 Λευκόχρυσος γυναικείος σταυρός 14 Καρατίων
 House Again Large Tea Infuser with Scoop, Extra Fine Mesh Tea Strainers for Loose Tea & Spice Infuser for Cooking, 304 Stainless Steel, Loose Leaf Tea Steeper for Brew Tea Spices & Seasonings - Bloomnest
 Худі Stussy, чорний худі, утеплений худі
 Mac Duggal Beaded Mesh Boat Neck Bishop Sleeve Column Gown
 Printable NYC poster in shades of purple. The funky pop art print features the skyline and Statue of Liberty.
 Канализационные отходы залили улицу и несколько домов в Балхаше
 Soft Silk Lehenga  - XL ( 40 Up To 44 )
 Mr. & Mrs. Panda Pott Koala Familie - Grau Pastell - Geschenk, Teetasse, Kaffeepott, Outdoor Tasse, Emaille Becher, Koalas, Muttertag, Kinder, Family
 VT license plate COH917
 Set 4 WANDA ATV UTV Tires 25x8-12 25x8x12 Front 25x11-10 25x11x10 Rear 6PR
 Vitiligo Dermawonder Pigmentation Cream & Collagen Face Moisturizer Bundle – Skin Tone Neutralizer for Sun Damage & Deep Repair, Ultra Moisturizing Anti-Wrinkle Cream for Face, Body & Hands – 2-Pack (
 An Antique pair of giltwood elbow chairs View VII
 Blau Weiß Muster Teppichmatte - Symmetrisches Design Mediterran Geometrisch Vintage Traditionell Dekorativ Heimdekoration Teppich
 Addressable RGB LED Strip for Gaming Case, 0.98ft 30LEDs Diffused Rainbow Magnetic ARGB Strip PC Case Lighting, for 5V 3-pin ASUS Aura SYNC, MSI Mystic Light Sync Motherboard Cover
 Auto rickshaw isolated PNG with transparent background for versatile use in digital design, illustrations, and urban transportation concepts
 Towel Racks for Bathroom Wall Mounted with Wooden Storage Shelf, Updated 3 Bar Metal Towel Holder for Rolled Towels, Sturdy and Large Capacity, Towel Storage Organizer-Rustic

******************************

Task objective -
The lines above that hold the string "Mesh" are to be located and copied.

Answer area -
 House Again Large Tea Infuser with Scoop, Extra Fine Mesh Tea Strainers for Loose Tea & Spice Infuser for Cooking, 304 Stainless Steel, Loose Leaf Tea Steeper for Brew Tea Spices & Seasonings - Bloomnest
 Mac Duggal Beaded Mesh Boat Neck Bishop Sleeve Column Gown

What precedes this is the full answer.